# Rekindle the Romance



## lovesherfamily (Jun 26, 2011)

Just 9 weeks ago I gave birth to our second child. My son is almost 3. Since he was born I have not had as much interest in our romantic life. Yesterday I caught my husband watching a "video" online. I walked into the room when he x'd out of it. When I asked what the video was about he lied and said nothing, just news. I had to pull it out of him. I found out he's been watching these videos for a long time if the night before we started something and didn't follow through. 

This made me realize something has to change. Everytime I start to get interested about getting intimate something inside me holds me back and I stop and lose interest. I don't know why. Does anyone have any advice to help me? Anything would be greatly appreciated.


----------



## Enchantment (May 11, 2011)

Well, it's not uncommon for women to have a dip in their libidos after having children. Hormonal changes, breastfeeding, lack of sleep, and body image issues after birth can all contribute to that. However, sometimes as new mothers we tend to forget about what it may be like for our husbands as well. It's very easy to get caught up in ourselves and our babies. 

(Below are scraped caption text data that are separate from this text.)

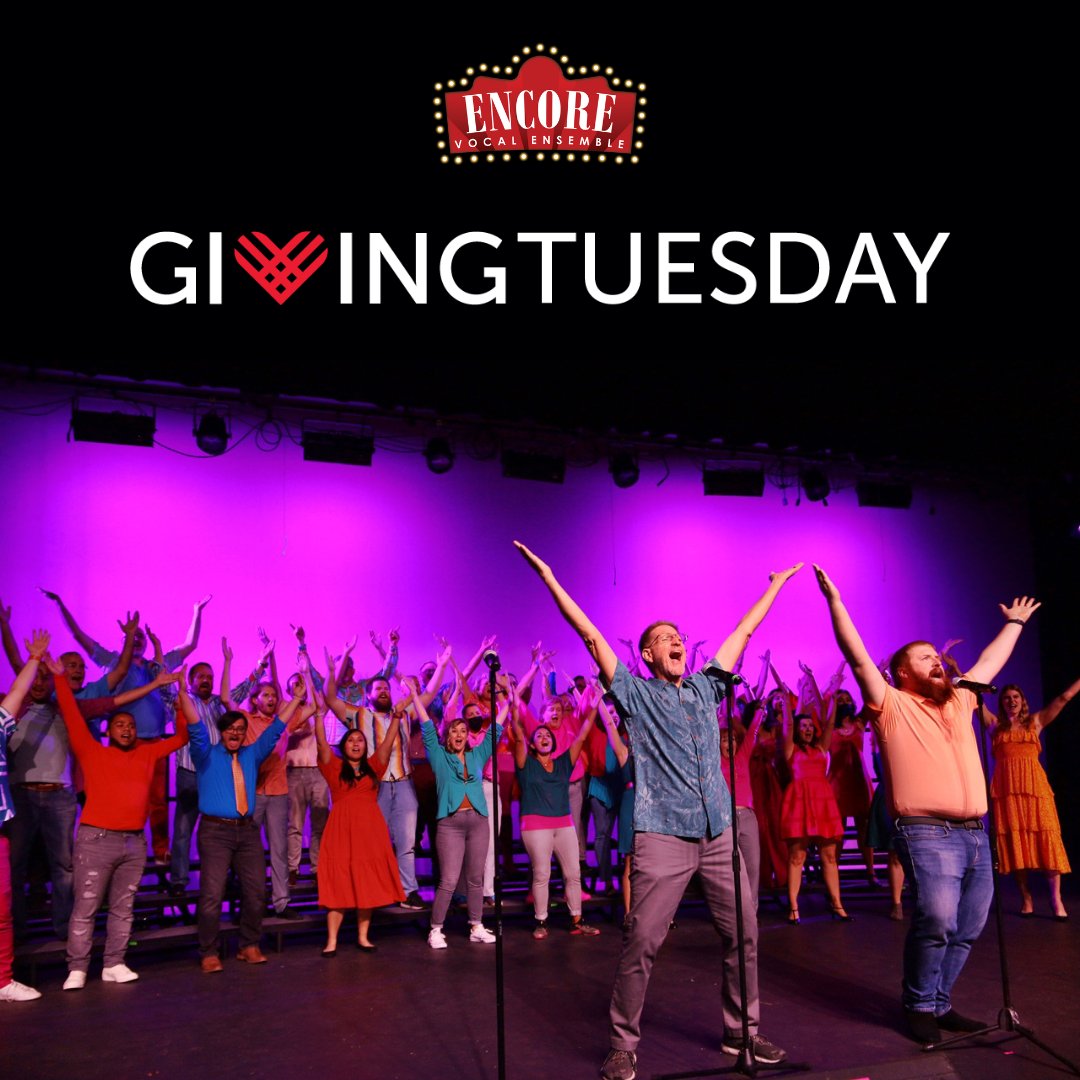 It's #GivingTuesday and we're trying to raise $3511 to reach our matching grant from <a href="/CalArtsCouncil/">California Arts Council</a>. So far we've raised $900. Every dollar counts! Can you help us reach our goal?

gofundme.com/charity/encore…

#SanDiego #Broadway #MusicalTheatre #MusicalTheater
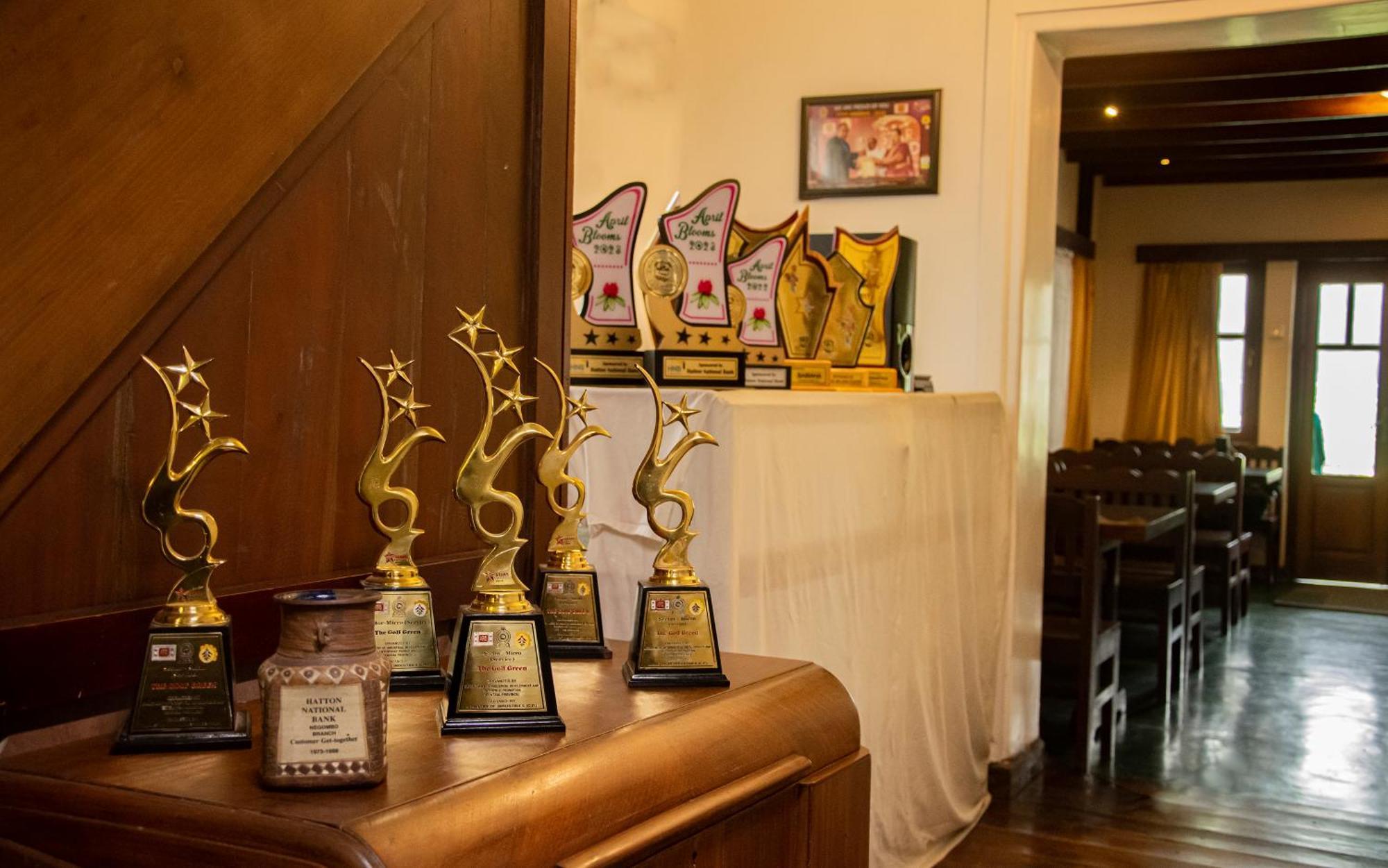 The Golf Green City Bungalow Nuwara Eliya Ngoại thất bức ảnh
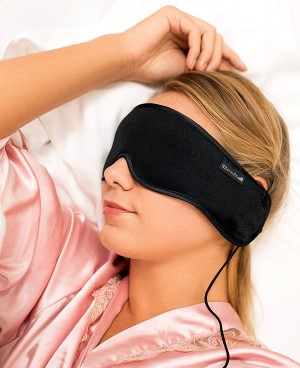 Bandeau Anti-Bruit Confortable pour Dormir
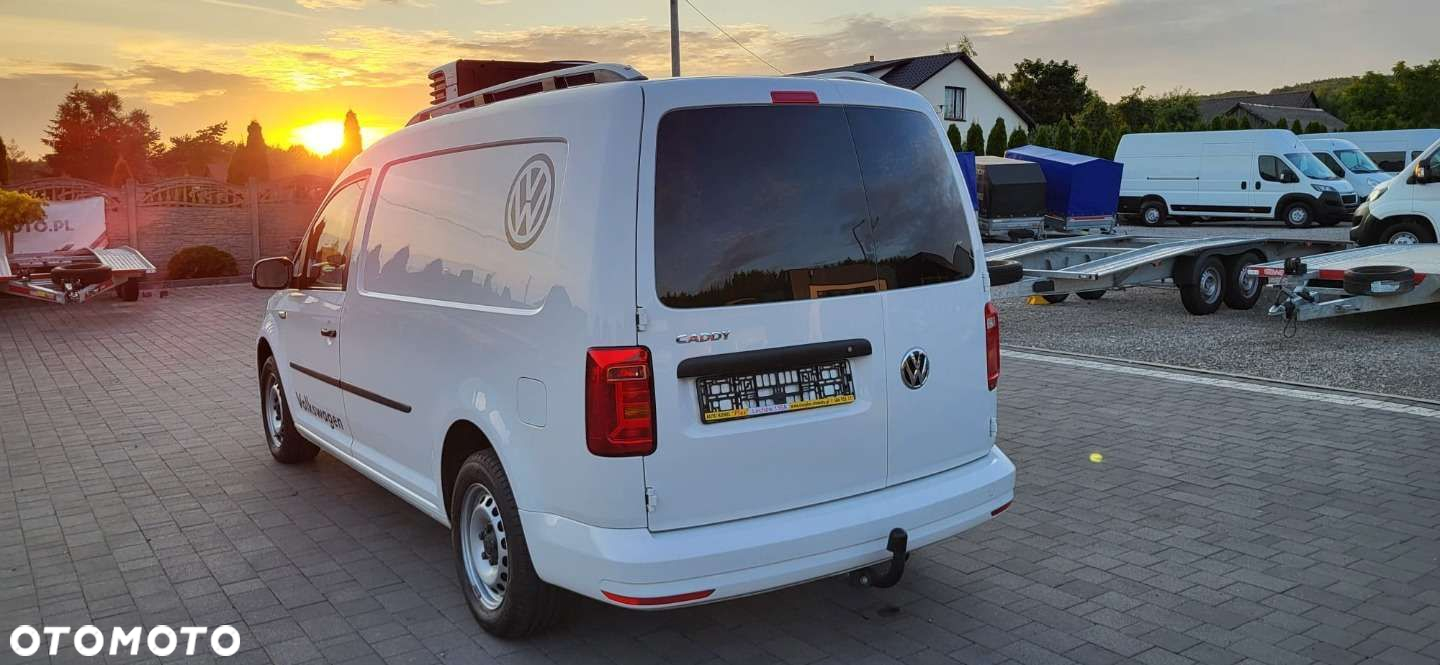 Volkswagen Cady  2.0  Maxi Chodnia na Gwarancji - 25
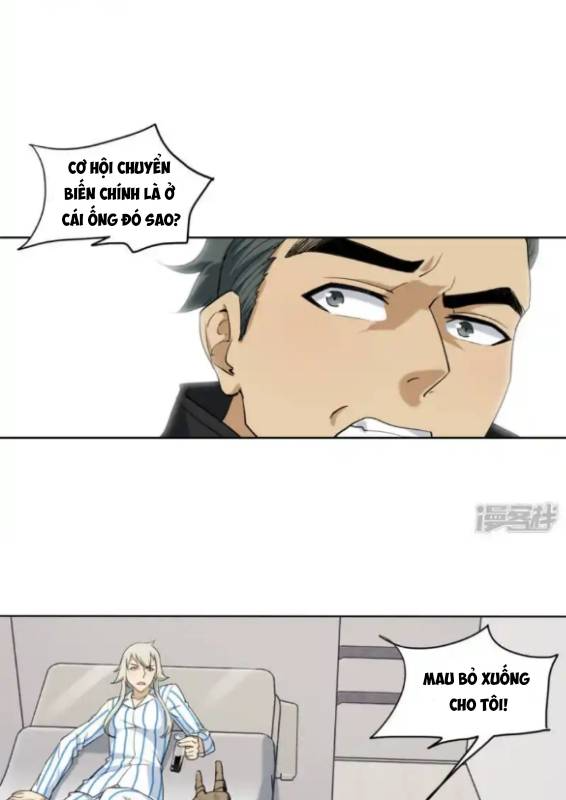 Long Hội: Thần Chiến Tranh Và Linh Cốt Tinh Chapter 21 - Trang 2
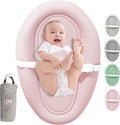 Reach Hope baby changing pad front view with travel storage bag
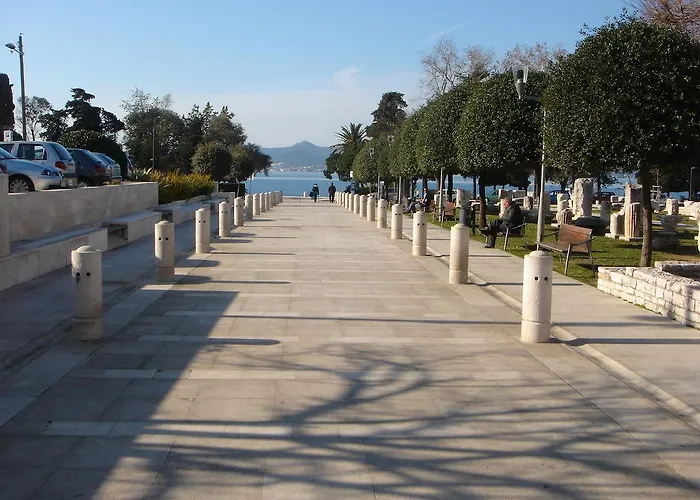 Downtown Zadar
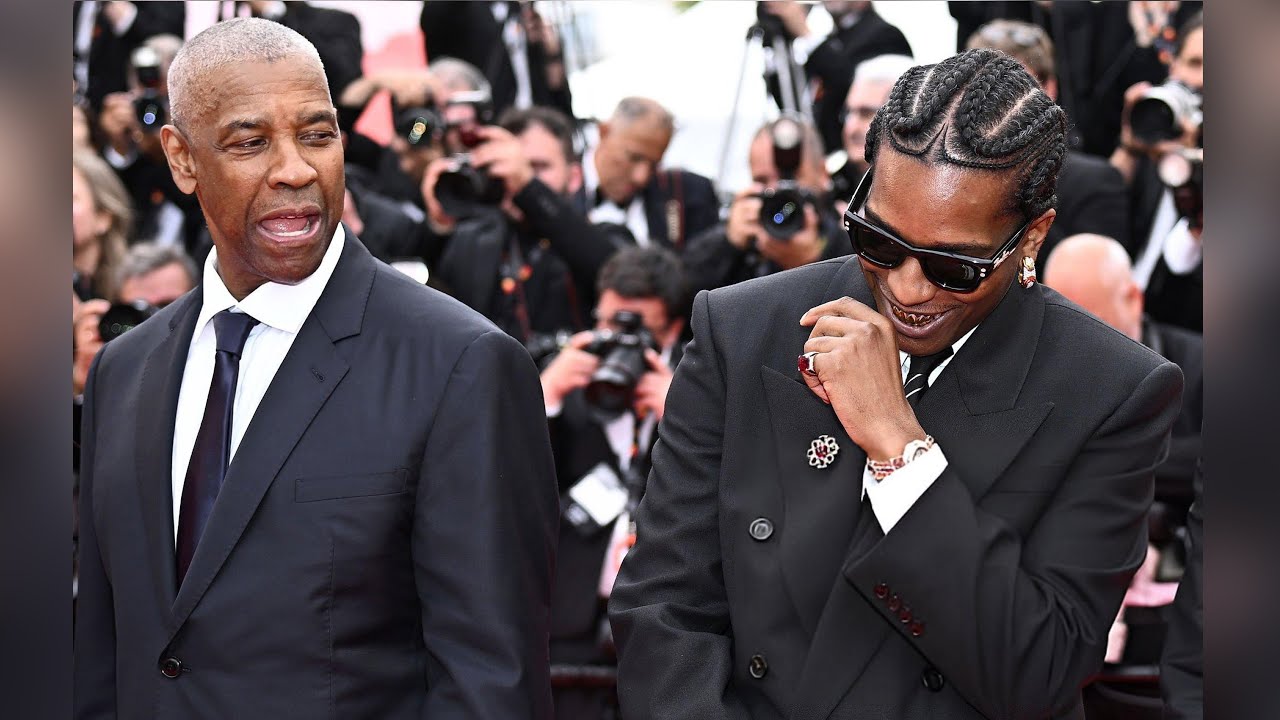 Cannes 2025 | A$AP Rocky, Denzel Washington, Sharmila Tagore, Jason Momoa, Dakota Johnson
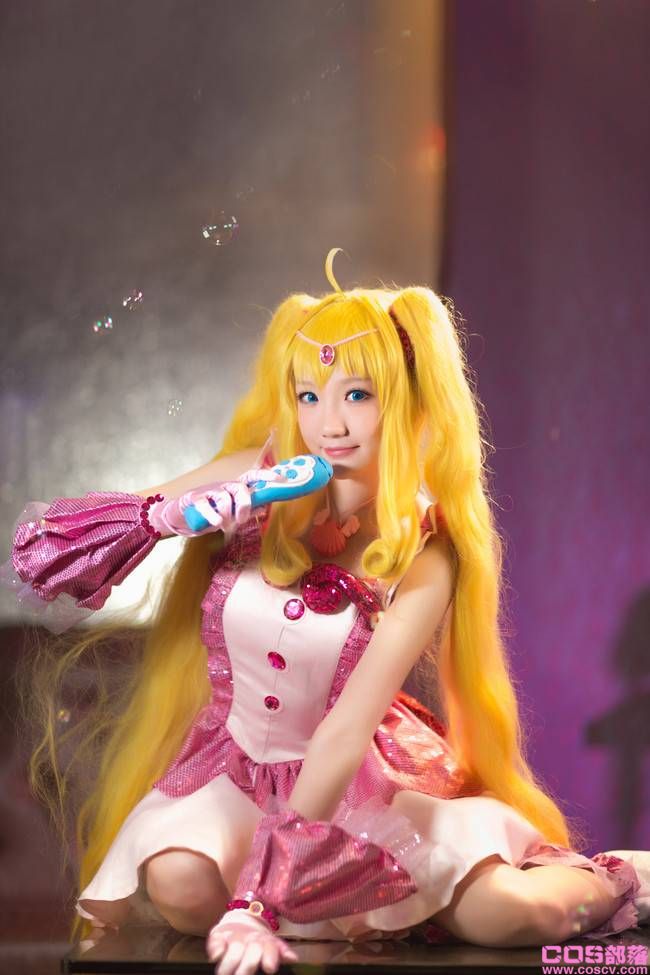 人鱼的旋律 七海露西亚cosplay Cn:瓜希(图10)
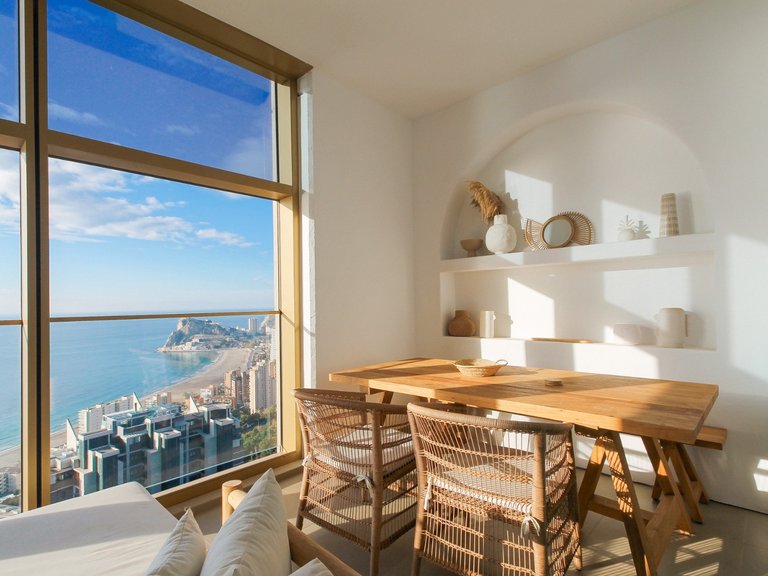 Apartment for Sale in Costa Blanca Benidorm, Alicante 5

It sounds like your husband is sorely missing the intimacy in your marriage. So, some of the issues above could have contributed to your lack of desire, and perhaps now that you found him watching videos (I'm assuming porn), you may feel even worse and a bit resentful too.

So, are you willing to help him out? It's pretty much a choice you can make. I may not always feels like doing it, but my H and I have an "open door" policy and he can try and get me aroused when he is. It usually works, and makes our marriage much closer.

If the videos are really bothering you, you need to have a talk with your husband about that. But, it really sounds like he might just be missing you badly.

Edited to Add:

Here's a good book that may enlighten you as to what your husband may be feeling. I found it a helpful read.

http://www.amazon.com/Proper-Care-Feeding-Husbands/dp/0060520620/ref=sr_1_1?ie=UTF8&qid=1309124386&sr=8-1

Here are some good ideas as well:

http://www.parents.com/parenting/relationships/sex-and-marriage-after-baby/rekindling-romance-after-baby/


----------



## BigToe (Jun 2, 2011)

lovesherfamily said:


> This made me realize something has to change.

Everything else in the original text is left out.